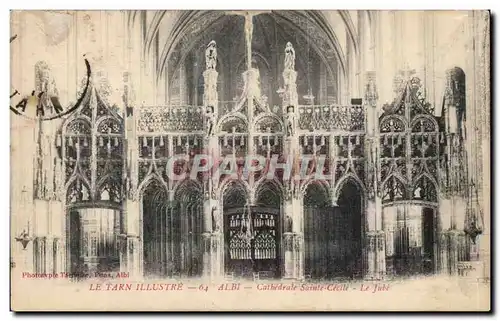 Cartes postales Albi Cathedrale Sainte Cecile Le jube
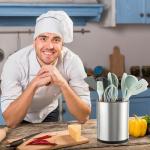 Extra Large 360° Rotating Kitchen Utensil Holder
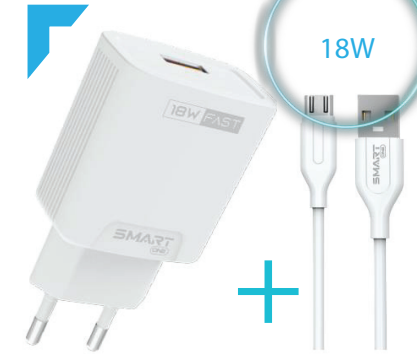 SMARTONE   CH - 902M   18W Şarj Aleti Ve Micro Kablo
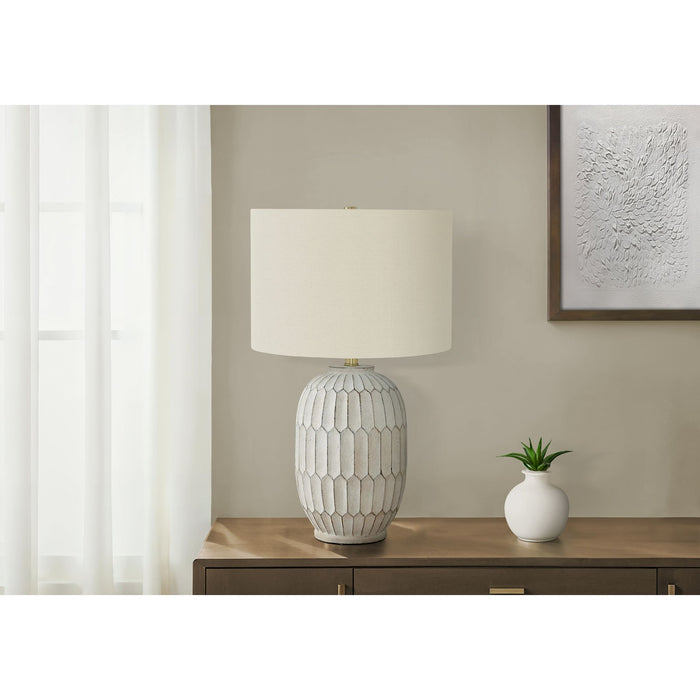24"H Table Lamp Resin base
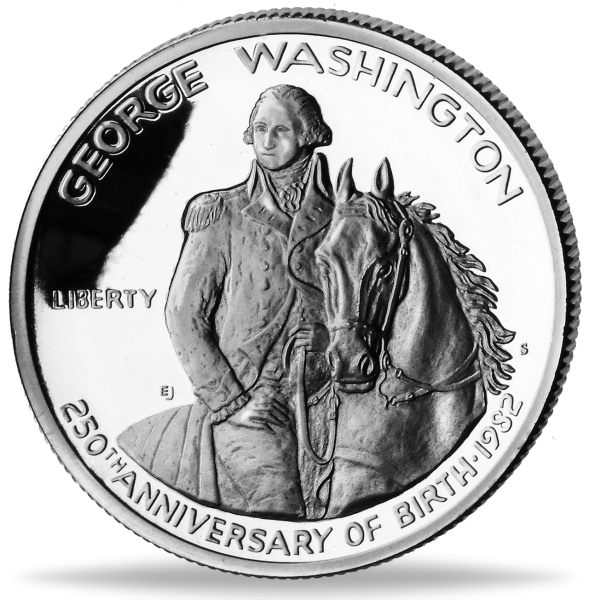 Half Dollar Washington - Vorderseite Münze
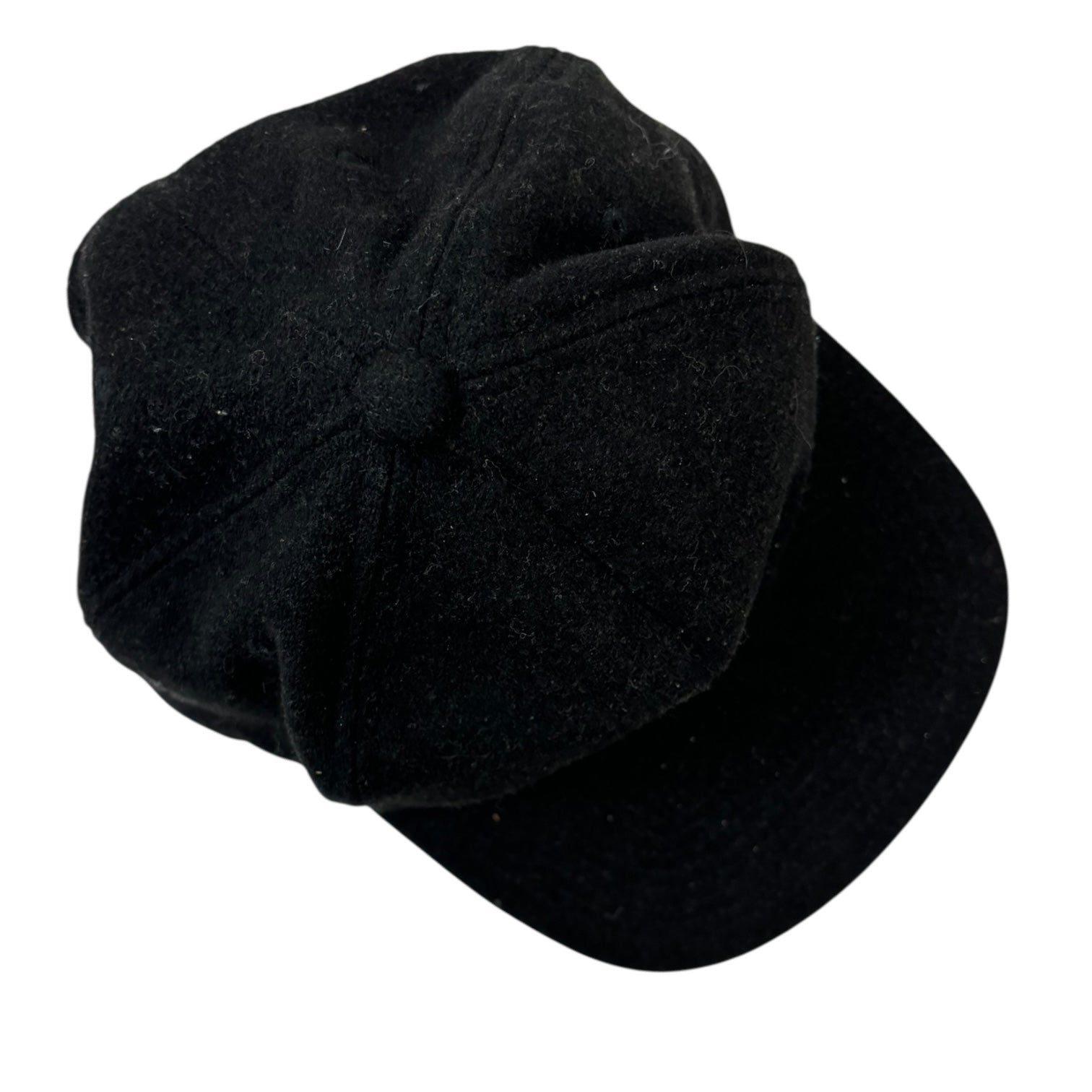 Stussy Tonal Wool SS Link SnapBack Hat Black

» **TASK REQUIREMENTS**
Leave out every picture and copy verbatim the lines running from the line containing "Ve Micro Kablo" through the final line of the data.

» **ANSWER BOX**
 SMARTONE   CH - 902M   18W Şarj Aleti Ve Micro Kablo
24"H Table Lamp Resin base
 Half Dollar Washington - Vorderseite Münze
 Stussy Tonal Wool SS Link SnapBack Hat Black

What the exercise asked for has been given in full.